== WHAT TO DO ==
Would you print every entry below exactly as written, omitting the images?

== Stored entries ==
--------------------------------

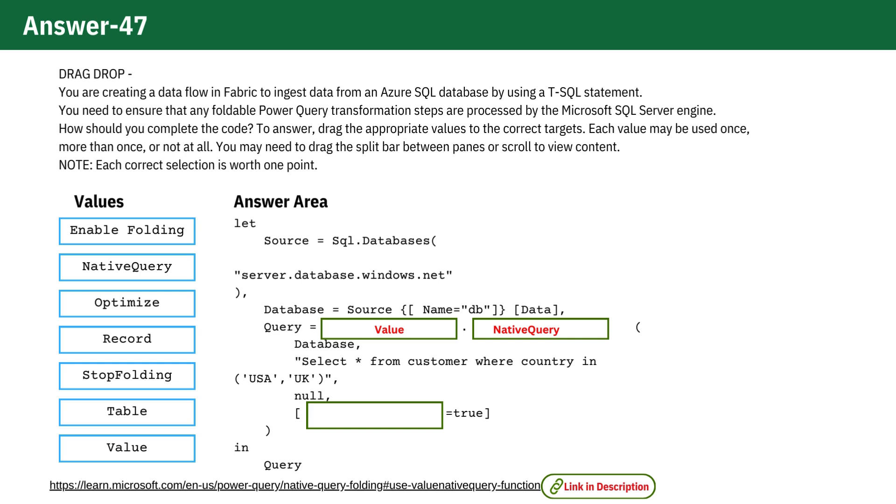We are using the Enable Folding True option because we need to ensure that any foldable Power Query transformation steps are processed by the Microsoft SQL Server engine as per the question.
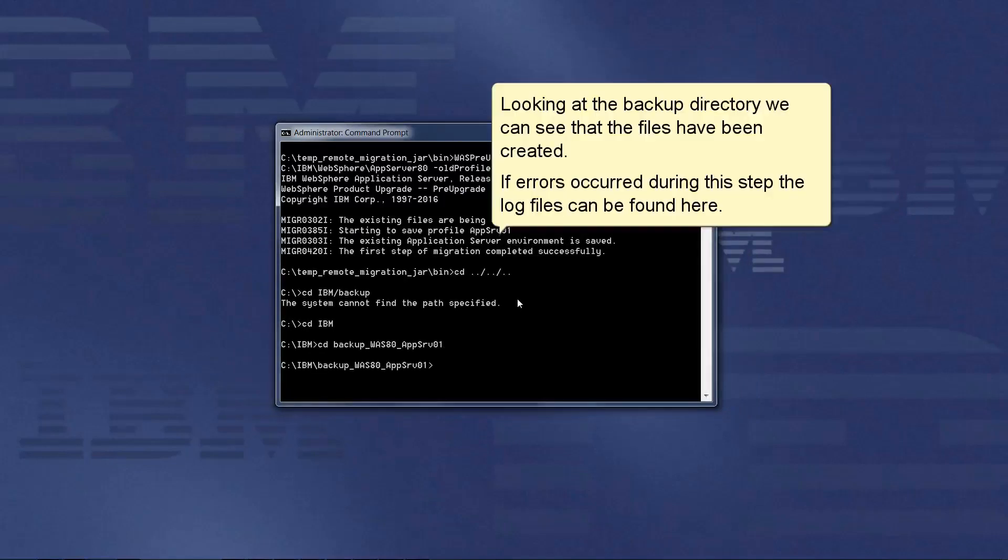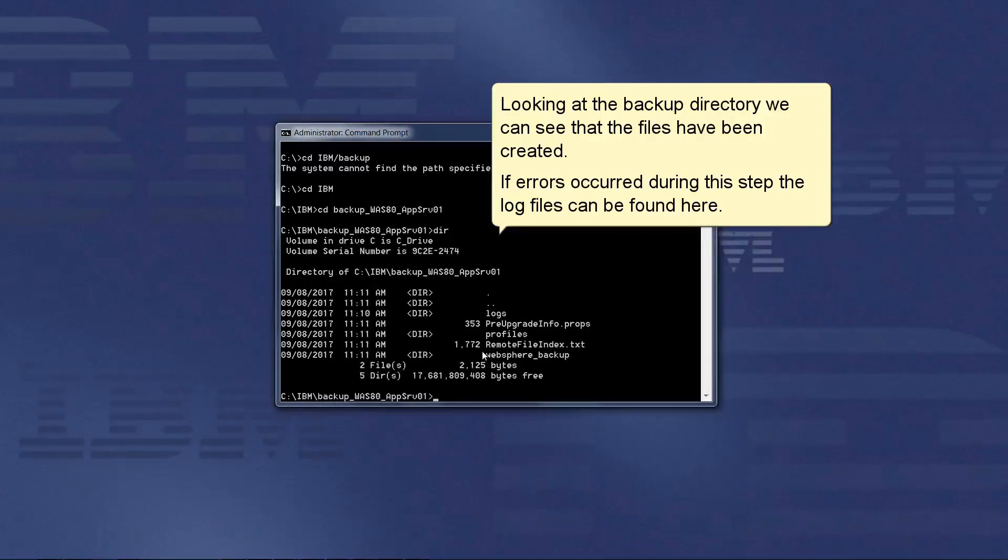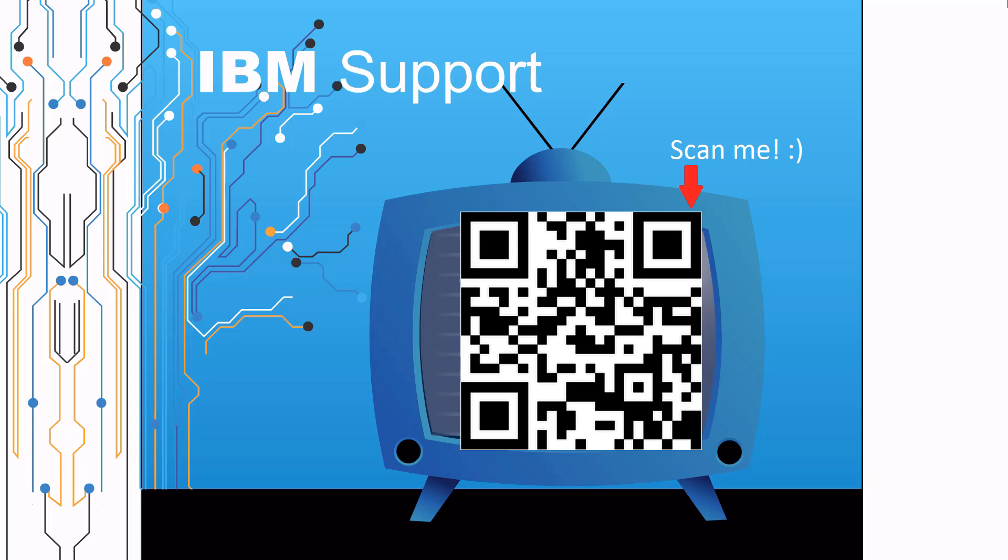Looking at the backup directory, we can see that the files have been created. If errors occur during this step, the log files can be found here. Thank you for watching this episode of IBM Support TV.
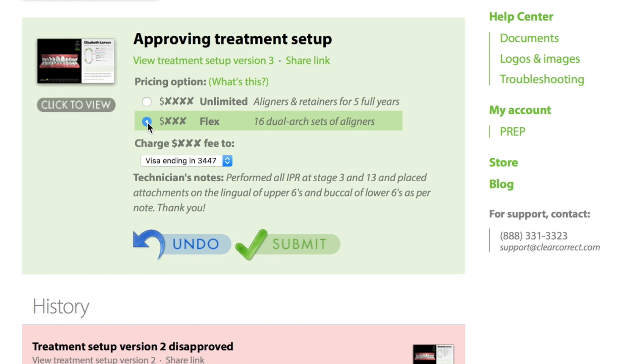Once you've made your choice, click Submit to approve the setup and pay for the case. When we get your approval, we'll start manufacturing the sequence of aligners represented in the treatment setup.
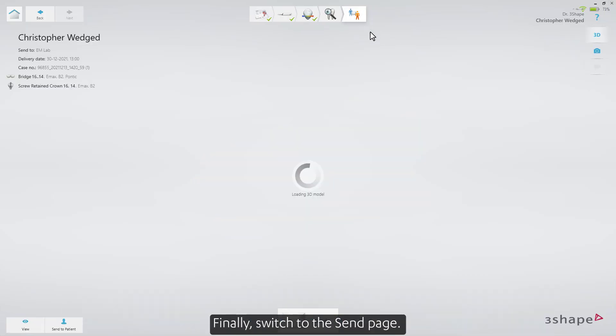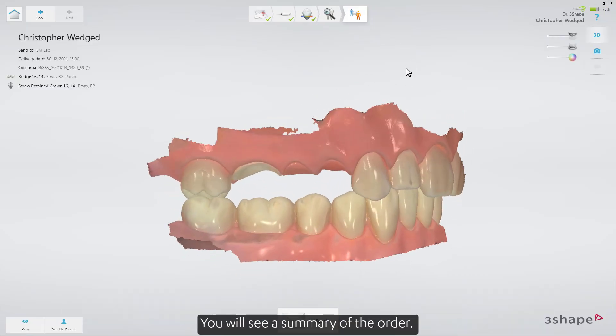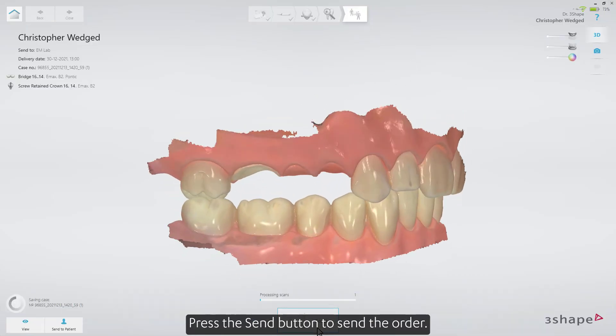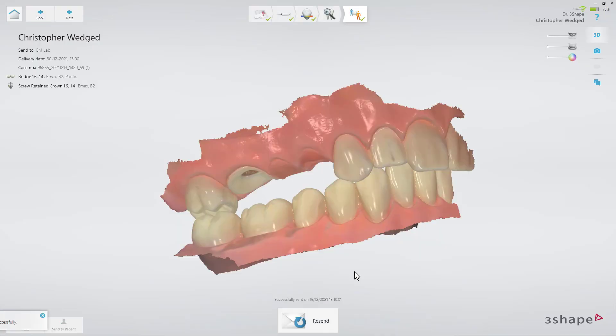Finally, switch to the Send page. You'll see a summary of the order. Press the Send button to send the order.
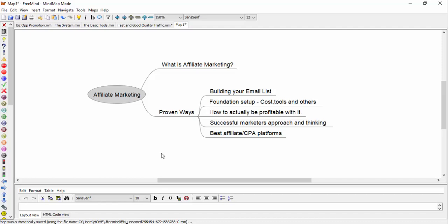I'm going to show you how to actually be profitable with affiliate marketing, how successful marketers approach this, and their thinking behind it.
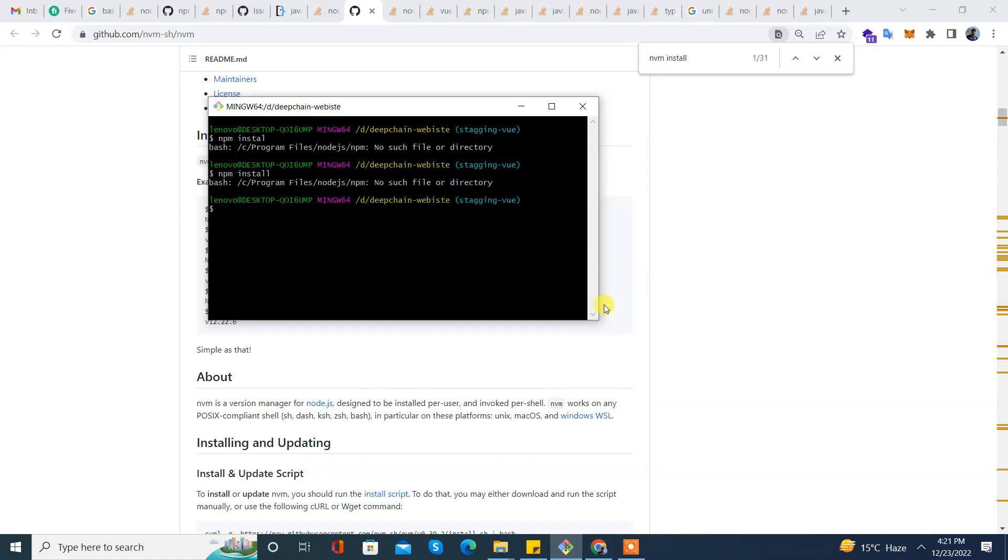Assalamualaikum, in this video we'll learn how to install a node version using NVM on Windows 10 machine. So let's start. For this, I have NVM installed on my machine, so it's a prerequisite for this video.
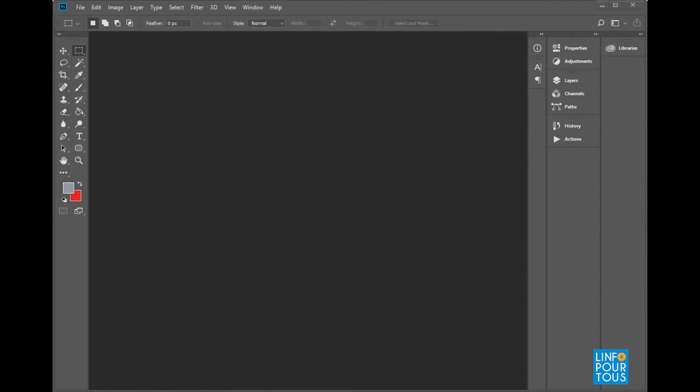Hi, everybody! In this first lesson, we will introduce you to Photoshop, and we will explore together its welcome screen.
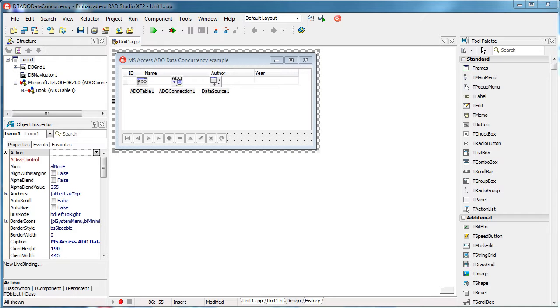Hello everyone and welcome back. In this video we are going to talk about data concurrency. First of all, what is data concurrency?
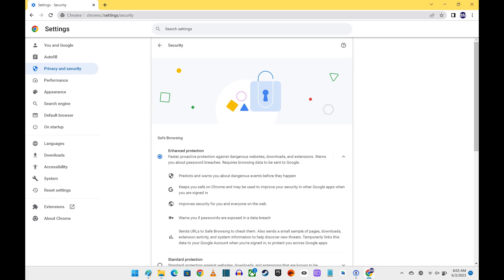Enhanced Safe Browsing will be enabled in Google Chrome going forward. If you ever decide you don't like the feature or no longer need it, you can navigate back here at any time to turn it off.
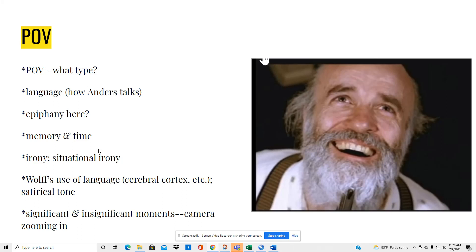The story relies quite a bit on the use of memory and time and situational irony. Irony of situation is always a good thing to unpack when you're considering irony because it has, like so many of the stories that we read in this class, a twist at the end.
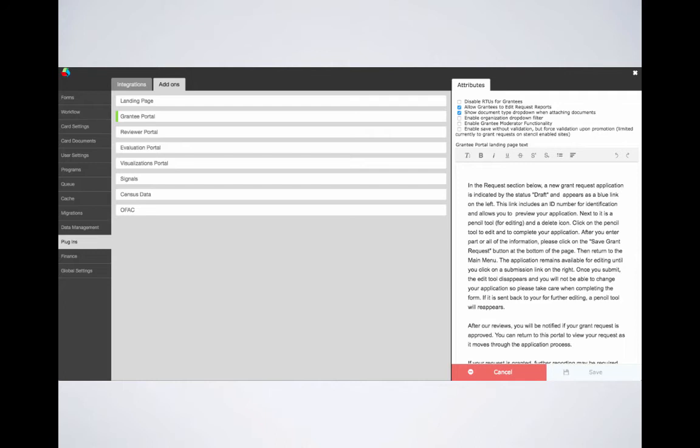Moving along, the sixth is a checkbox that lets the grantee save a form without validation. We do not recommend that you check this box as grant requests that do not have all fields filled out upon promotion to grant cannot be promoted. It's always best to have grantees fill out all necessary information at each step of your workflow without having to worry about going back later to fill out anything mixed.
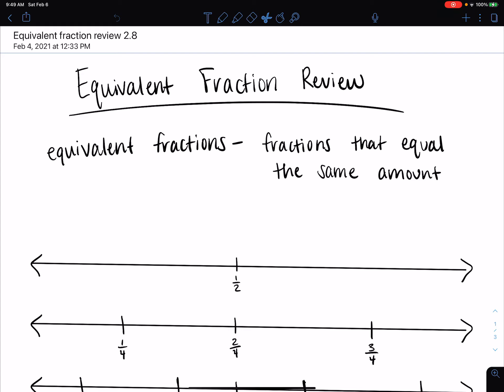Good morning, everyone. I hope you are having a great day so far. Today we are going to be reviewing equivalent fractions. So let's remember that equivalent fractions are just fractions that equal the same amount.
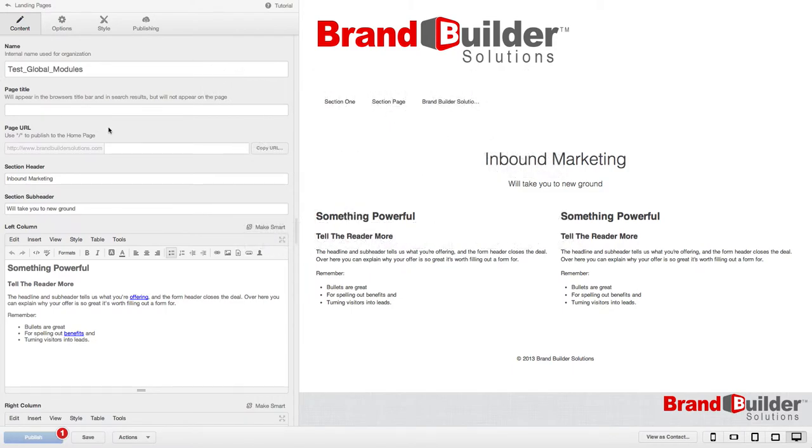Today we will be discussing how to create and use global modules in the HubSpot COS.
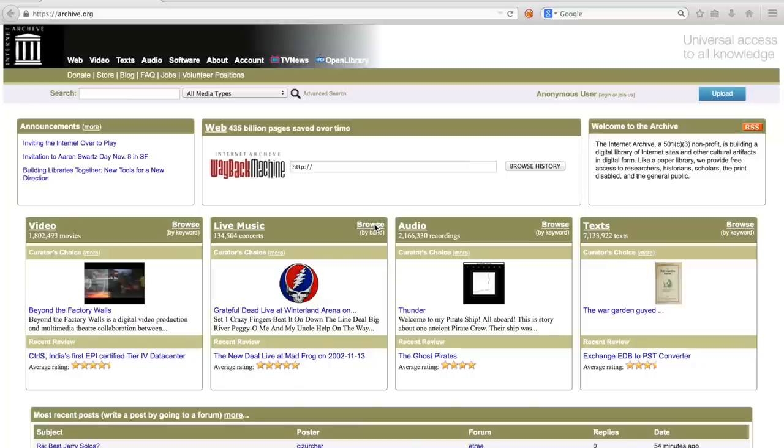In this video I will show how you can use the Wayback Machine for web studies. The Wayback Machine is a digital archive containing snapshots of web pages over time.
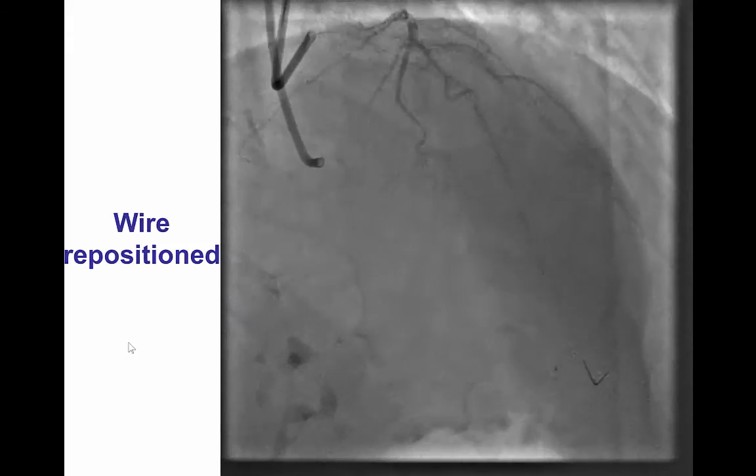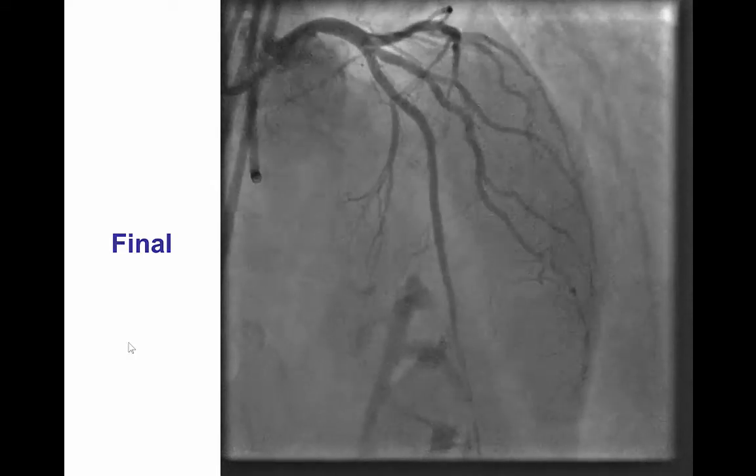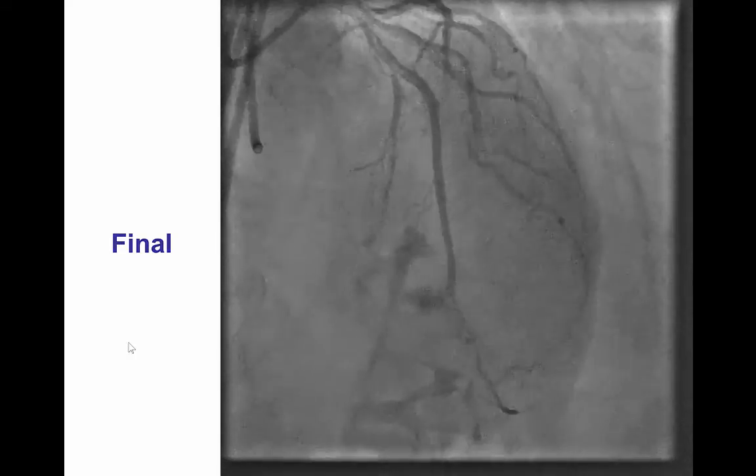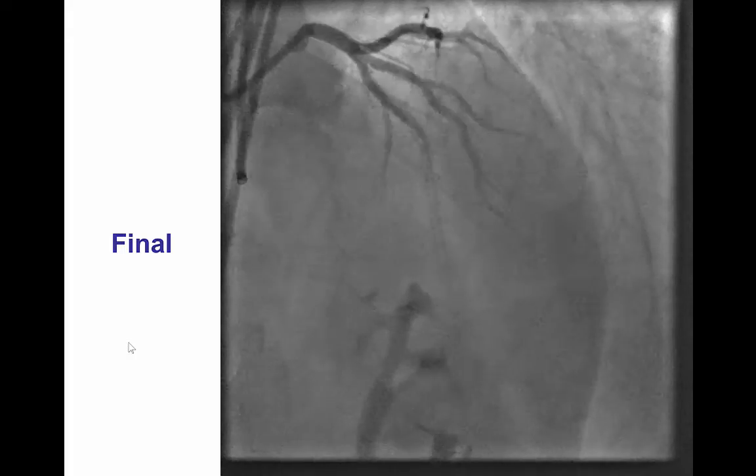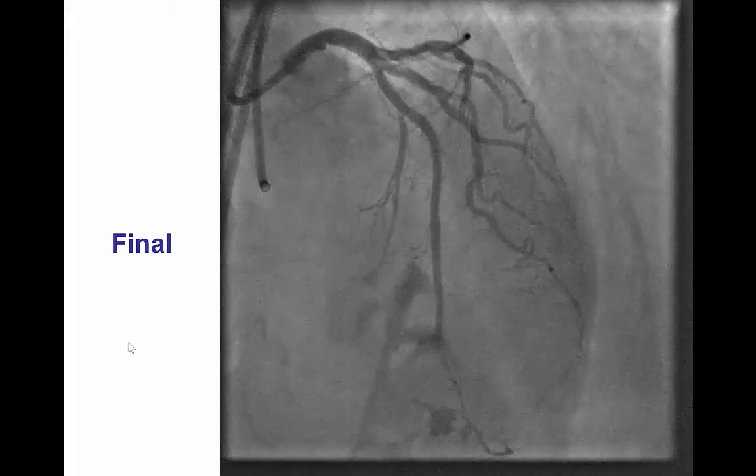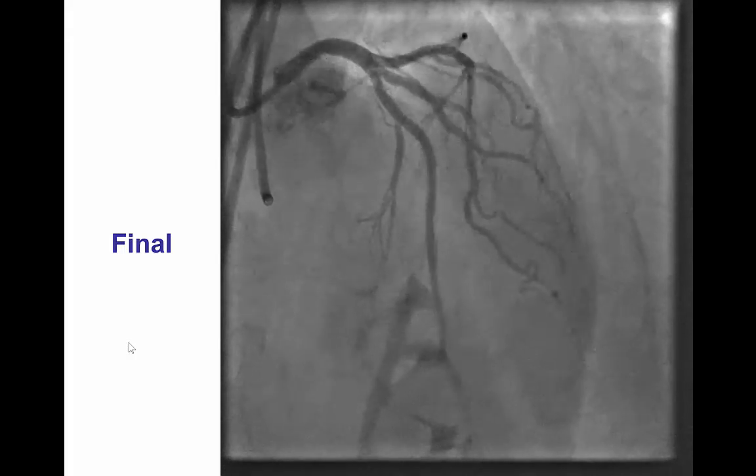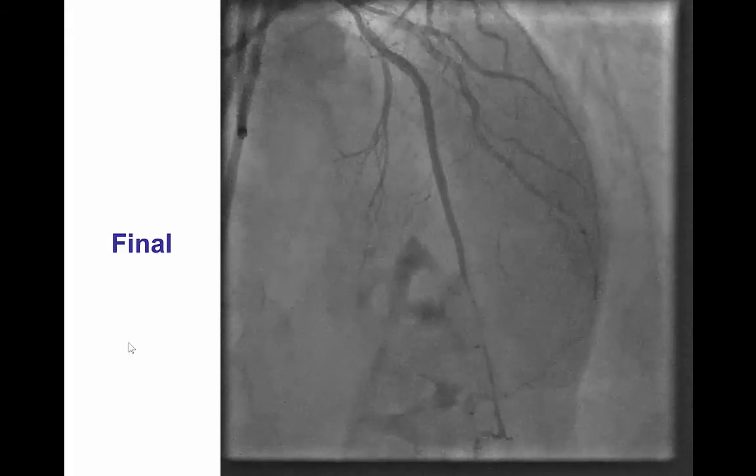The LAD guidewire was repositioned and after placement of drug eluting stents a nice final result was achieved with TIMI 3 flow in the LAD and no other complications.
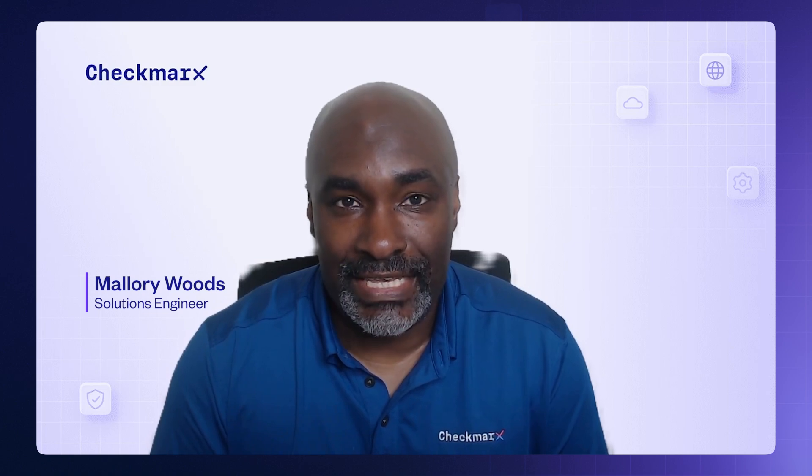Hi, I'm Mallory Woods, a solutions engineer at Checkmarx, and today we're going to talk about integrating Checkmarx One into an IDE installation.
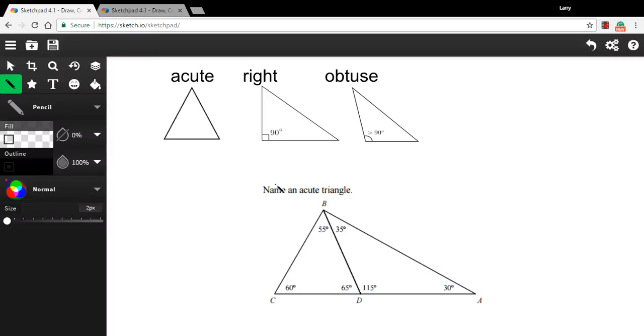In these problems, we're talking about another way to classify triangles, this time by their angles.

--------------------------------

== EXERCISE OUTPUT ==
We are using the Enable Folding True option because we need to ensure that any foldable Power Query transformation steps are processed by the Microsoft SQL Server engine as per the question.
Looking at the backup directory, we can see that the files have been created. If errors occur during this step, the log files can be found here. Thank you for watching this episode of IBM Support TV.
Once you've made your choice, click Submit to approve the setup and pay for the case. When we get your approval, we'll start manufacturing the sequence of aligners represented in the treatment setup.
Finally, switch to the Send page. You'll see a summary of the order. Press the Send button to send the order.
I'm going to show you how to actually be profitable with affiliate marketing, how successful marketers approach this, and their thinking behind it.
Assalamualaikum, in this video we'll learn how to install a node version using NVM on Windows 10 machine. So let's start. For this, I have NVM installed on my machine, so it's a prerequisite for this video.
Hi, everybody! In this first lesson, we will introduce you to Photoshop, and we will explore together its welcome screen.
Hello everyone and welcome back. In this video we are going to talk about data concurrency. First of all, what is data concurrency?
Enhanced Safe Browsing will be enabled in Google Chrome going forward. If you ever decide you don't like the feature or no longer need it, you can navigate back here at any time to turn it off.
The story relies quite a bit on the use of memory and time and situational irony. Irony of situation is always a good thing to unpack when you're considering irony because it has, like so many of the stories that we read in this class, a twist at the end.
Moving along, the sixth is a checkbox that lets the grantee save a form without validation. We do not recommend that you check this box as grant requests that do not have all fields filled out upon promotion to grant cannot be promoted. It's always best to have grantees fill out all necessary information at each step of your workflow without having to worry about going back later to fill out anything mixed.
Good morning, everyone. I hope you are having a great day so far. Today we are going to be reviewing equivalent fractions. So let's remember that equivalent fractions are just fractions that equal the same amount.
Today we will be discussing how to create and use global modules in the HubSpot COS.
In this video I will show how you can use the Wayback Machine for web studies. The Wayback Machine is a digital archive containing snapshots of web pages over time.
The LAD guidewire was repositioned and after placement of drug eluting stents a nice final result was achieved with TIMI 3 flow in the LAD and no other complications.
Hi, I'm Mallory Woods, a solutions engineer at Checkmarx, and today we're going to talk about integrating Checkmarx One into an IDE installation.
In these problems, we're talking about another way to classify triangles, this time by their angles.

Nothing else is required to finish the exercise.